Umerah Nkemjika Nnedinso*
Issue :
ASRIC Journal of Natural Sciences 2023 v3-i1
Journal Identifiers :
ISSN : 2795-3610
EISSN : 2795-3610
Published :
2023-12-29
The study was undertaken to evaluate the glycemic index (GI) of ‘ayarayaoka’, ‘okpa’ and ‘achichca and agbugbu’ a traditional dish consumed in Enugu North Senatorial zone. The recipes were standardized and prepared accordingly. Nutrient compositions of the prepared dishes were determined using standard procedures. A serving portion of each dish containing 50g of available carbohydrate was served to ten healthy adult subjects. Glucose was used as the reference food. The postprandial blood glucose response of the test and the reference meals were measured over two hours at 30 minutes interval. Blood glucose curves were plotted, area under each curve and corresponding glycemic index value for each dish determined. Data were analyzed using Statistical Package for Social Sciences (SPSS). The dishes had appreciable proximate composition, were moisture ranged from 46.20-62.55%, ash 2.68-3.56%, fat 5.30-8.20%, protein 4.90-17.80%, fibre 0.23-7.20% and carbohydrate 16.31 to 31.22%. The blood glucose concentration of ‘ayarayaoka’, ‘okpa’, ‘achicha and agbugbu’, and glucose reference at 120 minutes were 75.28, 72.80, 80.28 and 88.30 respectively.

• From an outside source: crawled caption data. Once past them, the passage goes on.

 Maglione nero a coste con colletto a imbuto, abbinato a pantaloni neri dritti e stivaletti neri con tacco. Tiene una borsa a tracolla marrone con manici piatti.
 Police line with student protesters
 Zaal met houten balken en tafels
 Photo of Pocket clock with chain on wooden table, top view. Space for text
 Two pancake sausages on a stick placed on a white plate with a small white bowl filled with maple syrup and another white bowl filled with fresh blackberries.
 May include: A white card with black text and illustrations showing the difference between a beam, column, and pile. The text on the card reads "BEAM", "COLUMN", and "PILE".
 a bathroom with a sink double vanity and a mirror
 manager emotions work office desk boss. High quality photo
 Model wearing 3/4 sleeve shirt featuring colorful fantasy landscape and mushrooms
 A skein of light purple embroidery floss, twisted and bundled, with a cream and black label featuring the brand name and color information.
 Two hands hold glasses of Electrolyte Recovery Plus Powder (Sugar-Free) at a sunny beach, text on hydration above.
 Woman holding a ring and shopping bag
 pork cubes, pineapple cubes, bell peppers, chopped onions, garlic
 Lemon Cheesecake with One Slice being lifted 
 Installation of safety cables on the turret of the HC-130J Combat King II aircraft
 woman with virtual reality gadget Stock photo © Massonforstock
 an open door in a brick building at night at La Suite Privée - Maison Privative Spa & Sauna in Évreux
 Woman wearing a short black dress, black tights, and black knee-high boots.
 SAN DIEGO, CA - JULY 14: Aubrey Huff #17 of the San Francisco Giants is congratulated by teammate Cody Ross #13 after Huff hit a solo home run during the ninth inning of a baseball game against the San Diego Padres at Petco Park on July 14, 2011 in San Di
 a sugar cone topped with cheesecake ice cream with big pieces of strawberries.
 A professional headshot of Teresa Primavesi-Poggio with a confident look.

The glycemic index (GI) and glycemic load (GL) of ‘ayarayaoka’, ‘okpa’ and ‘achicha and agbugbu’ were 47.52, 50.80- and 59.20 for index while 7.75, 10.32 and 18.48 for load respectively. The increametal area under blood glucose response curve showed that glucose standard had 124.93, ayarayaoka had 59.37, okpa had 63.46 while 73.96 were recorded for achicha and agbugbu. Conclusion Glycemic index of the dishes were low except for that of ‘achicha and agbugbu’ that had medium glycemic indices and they can be recommended for diabetics. Key word: Glycemic index, diabetes mellitus, traditional dishes, Okpa, ayarayaoka, achicha and agbugbu.